Things only became worse from there. Deprived of his primary victim, Albert turned his attentions to the other four girls collectively, harassing them whenever one of them happened to be away from the others. Ianthe, shiest and youngest of their group, received the worst of it, until Jokasta vowed to never leave her side, lest her precious Ianthe fall victim to his vile, entitled, spoiled attentions. Some days her palms bled from clutching her fists so tightly together, trying to keep herself from attacking him. On nights like those, Ianthe would clean the cuts, and thank Jokasta for always being there for her. On nights like those, Jokasta was acutely aware that Ianthe was only here because Jokasta had begged for her to be among the five, all those years ago.
Baldur
Jokasta was almost eighteen when she first laid eyes on Baldur, and everything changed.
The situation with Albert was becoming increasingly ugly. It was all Jokasta could do to keep Ianthe, and herself, out of his way, and their options for defending themselves were growing slim. Worse than that, now that the girls were of age, the lord and lady were looking to marry them all off, as they had done with Lissie years before. Most days, Jokasta felt as if she were choking on her heart in her throat, watching her future set out before her on a path she had no power to choose.
The first day they brought the wyvern to the estate, its angry roars echoed off of every hallway. It was chained and caged, fresh caught from the valley of wyverns and completely untamed. The war had caught up with Albert, and his mother and father could no longer protect him from the Nohrian army, which demanded all able-bodied fighters. If there was no avoiding it, then at the very least their son would ride into battle on a mighty wyvern, the ultimate symbol of Nohrian power and honor. The nobles back in Windmire would eat their words, questioning their house’s loyalty.
The pesky matter of Albert never having so much as seen a wyvern or held an axe before didn’t seem to overly concern the lord and lady.
Jokasta was in a fiery, foul mood that day, seething with an unchecked rage. Lady Klein had blithely announced that morning that a suitable husband had been found for Ianthe, that the engagement was already agreed upon by the two families and the wedding was fast approaching, all without ever having informed Ianthe of this beforehand. That left only Jokasta left unaccounted for, their other two sisters having been sent off to their new husbands’ estates earlier in the year.

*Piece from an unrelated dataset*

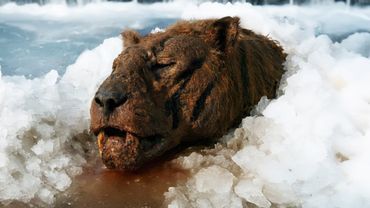 Худшие Дети Животных, Которые Убивают Своих Родителей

Ianthe had cried and cried in Jokasta’s arms as soon as they were alone after breakfast, and Jokasta could find no words to console her that weren’t lies.
She and Ianthe hadn’t been invited to come see the great unveiling of the wyvern in the estate’s courtyard, but neither had they been forbidden from it. In between their chores, the girls sneaked out to wait with the other servants while the wyvern was dragged out before a waiting Albert.
The young lord puffed himself up with pride as he watched the wyvern snap and thrash at its restraints, snorting hot air from its nostrils hot enough to burn the weeds peeking through the dirt. The mercenary who captured the beast claimed that its color was rare and valuable, and they weren’t likely to find a more robust wyvern in all of Nohr. He spun his sale’s pitch to the lord and lady while Albert circled the creature, acting very brave and important for someone who was staring down a chained animal.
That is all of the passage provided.